A combination of higher rates, record heat, and the new, state-mandated high usage charge has led to residential bills of $700 or higher. The high-usage tier kicks in when someone uses 400 percent of their baseline allowance.
"We recognize it's been a challenging summer, it's been really hot for long periods of time, and we're seeing a lot of customers hit a high usage charge," said SDG&E spokesman Wes Jones.
The high bills are causing some San Diego County residents to scramble.
Mark Najjar, who lives in El Cajon, said he had to borrow money to pay his $720 electric bill - which is normally half the price.
"I'm all, 'dang, what happened?' it didn't seem like we used that much," said Najjar. "I only used the portable air conditioner instead of the regular air conditioner because I thought it would be cheaper, but it wasn't."
SDG&E last set its baseline rates that determine the tiers in 2016. It is expected to adjust them incrementally through 2020.

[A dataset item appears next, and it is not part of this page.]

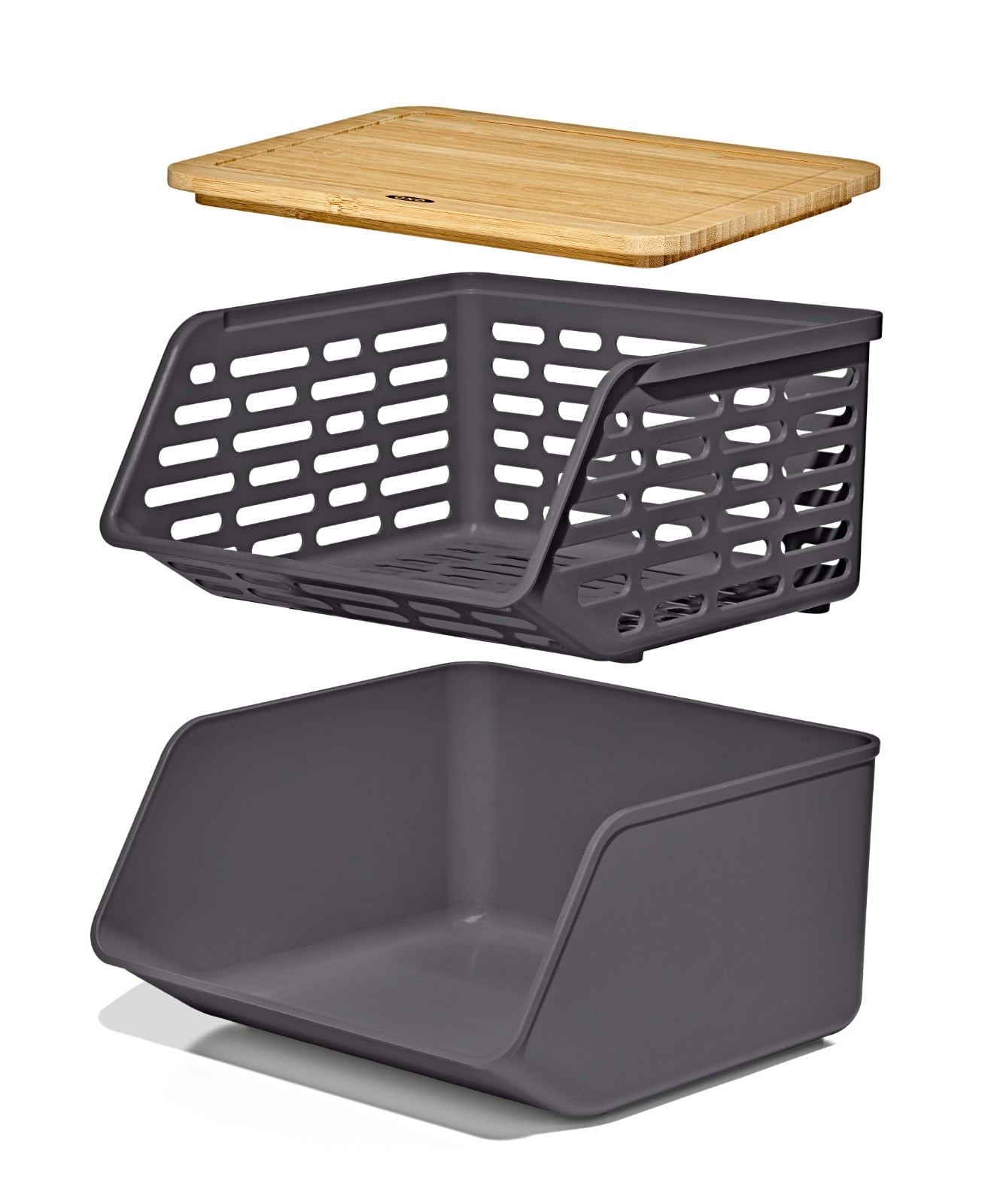 Produce Saver - Root Vegetable Bin with Lid - Image 8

Jones said he encouraged customers to call SDG&E and switch to a time-of-use plan, which does away with the high-usage tier. Instead, rates are highest between 4 p.m. and 9 p.m., allowing customers to plan ahead.
He noted that SDG&E has sent out 460,000 high usage alerts since the new tier went into effect last November.
The 80,899 households reaching the high usage tier represents about 5.7 percent of the utility's 1.4 million residential customers. Jones said the 80,899 number is approximate and that a final amount would be released in November.